Ils peuvent être produits sous forme de feuilles d’épaisseur variable, de manière classique par les industries du tranchage et du déroulage. On peut citer l’exemple du LVL (laminated veneer lumber) réalisé à partir de placages déroulés (Hata et al., 2001), qui est en plein essor sur le marché de la construction et le contreplaqué qui reste un produit technique haut de gamme, encore utilisé dans l’aéronautique et les transports. Cependant, malgré leurs qualités techniques, il faut constater que les bois sont rarement retenus dans les choix finaux. Ce constat est probablement lié à divers facteurs, on peut citer : la garantie d’approvisionnement, les procédés associés (usinage), la variabilité des propriétés ou encore la connaissance du matériau par les concepteurs. Pour encourager l’utilisation des bois en conception mécanique, un des enjeux est donc de trier, qualifier et tracer les pièces de bois. Cela suppose un certain nombre de travaux de fonds sur les liens entre genèse et structure du bois dans l’arbre et les liens entre structure (aux différentes échelles) et propriétés technologiques du matériau. Cela implique aussi de réaliser des campagnes de mesures importantes sur les bois, en complément de ce qui se fait actuellement sur le bois d’oeuvre pour ses applications en génie civil.

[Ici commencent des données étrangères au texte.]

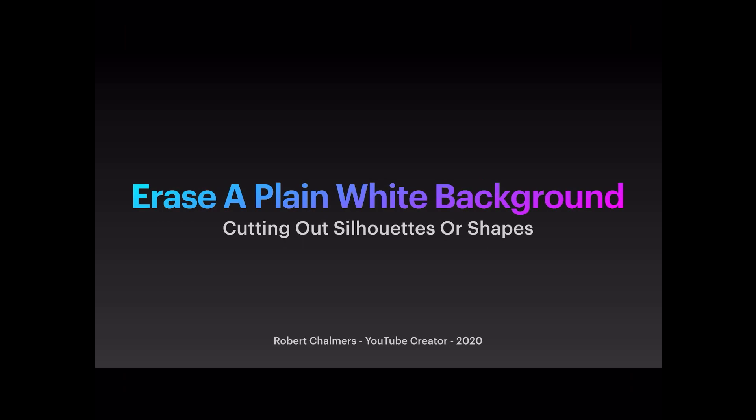This is a short video on how to erase a plain white background in Affinity Photo for cutting out silhouettes or shapes. It needs to be on a plain white background; this one I haven't done for any other backgrounds.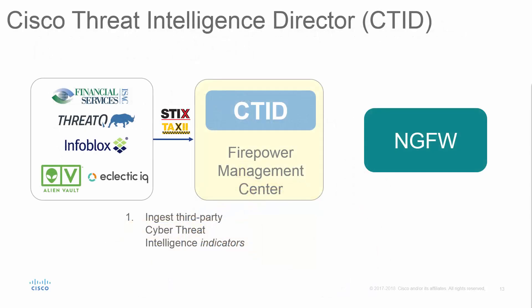Now let's discuss operationalization of that information. The Cisco Threat Intelligence Director lives within the Firepower Management Center, which is the off-box manager for our next-generation firewalls and next-generation IPS.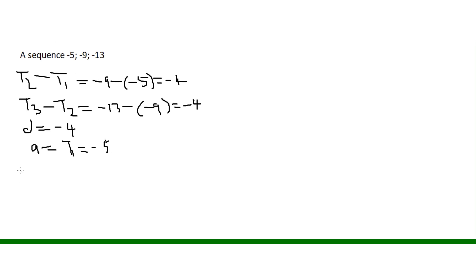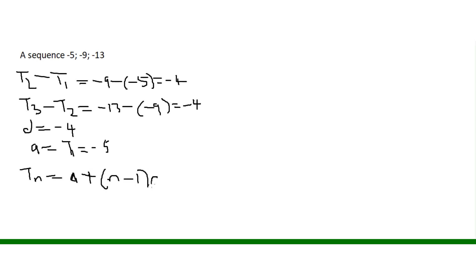And then we have a general term. Tn is equal to A plus n minus 1, close brackets, all times D.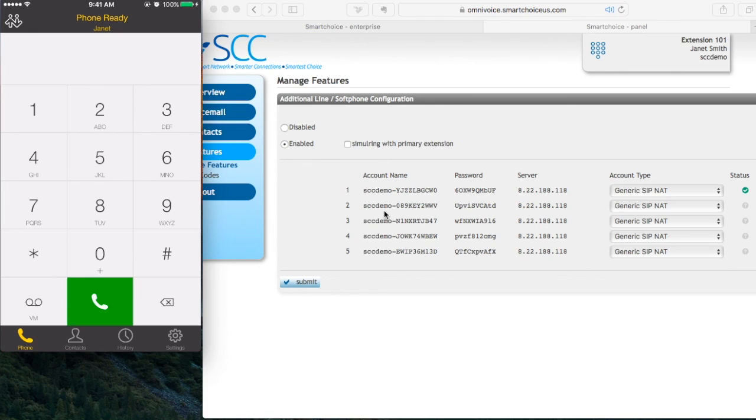And that is how you use the Bria Softphone app for Apple or Android.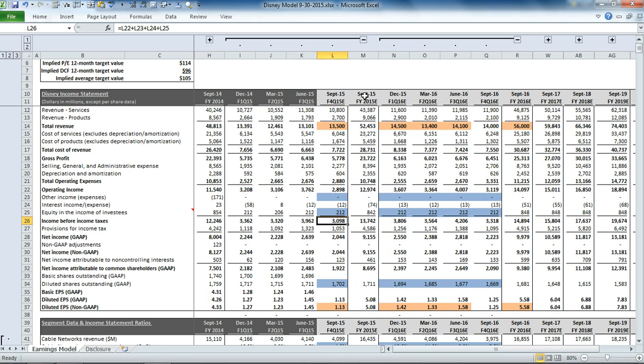It gets us to our income before taxes. We apply an effective tax rate to that to come to our net income on a GAAP basis. And then if we have any non-GAAP adjustments, we would put them in there.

Le bois pour l’ingénieur mécanicien
Les bois sont utilisés depuis les origines de l’humanité, notamment comme matériaux de structure (Thelandersson et Larsen, 2003). Ils restent massivement utilisés dans la construction et l’habitat et se maintiennent dans quelques secteurs de la construction mécanique (transports notamment). Dans les usages structurels on s’intéresse en premier lieu au comportement mécanique du matériau. Les premières étapes de la conception se font dans le domaine élastique de ce comportement, afin de déterminer déformations et contraintes dans les pièces avant d’examiner les risques d’endommagement dans les zones critiques. Les variations dimensionnelles des matériaux en raison de variations de paramètres physiques de l’environnement, comme la température et l’humidité, sont aussi des paramètres clés pour la conception. Le bois est considéré, en première approximation, comme un matériau orthotrope (Guitard, 1987) possédant trois plans de symétrie naturels déterminés par les directions de croissance de l’arbre en hauteur (direction longitudinale L), et en diamètre (direction radiale R). La troisième direction du repère orthonormé correspond à la tangente aux cernes annuels (direction tangentielle T). Cela définit les trois plans de référence du bois (figure 1.7 : RT (transversale, perpendiculaire à L), LT er LR (parallèles, respectivement perpendiculaires à R et T).
En élasticité linéaire (qui décrit bien le comportement du bois en petites déformations), le comportement élastique d’un matériau est caractérisé par son tenseur des complaisances élas- tiques (S), qui relie l’état des déformations à l’état des contraintes (loi de Hooke). Ce tenseur, généralement noté sous forme matricielle, dans laquelle chaque composante peut être exprimée en fonctions de grandeurs techniques (module d’élasticité, module de cisaillement et coefficient de Poisson). Pour les matériaux isotropes 3 paramètres (un module d’élasticité, un module de cisaillement et un coefficient de Poisson) suffisent pour calculer la relation entre contrainte et déformation. Pour un matériau orthotrope, il faut neufs constantes indépendantes pour définir le comportement élastique : 3 modules élastiques dans les 3 directions de référence, ainsi que les 3 modules de cisaillement (GLR, GLT et GTR), définissant la diagonale de la matrice (1.1), auxquels il faut ajouter 3 termes non diagonaux permettant de calculer, avec les 3 modules élastiques, les 6 coefficients de Poisson.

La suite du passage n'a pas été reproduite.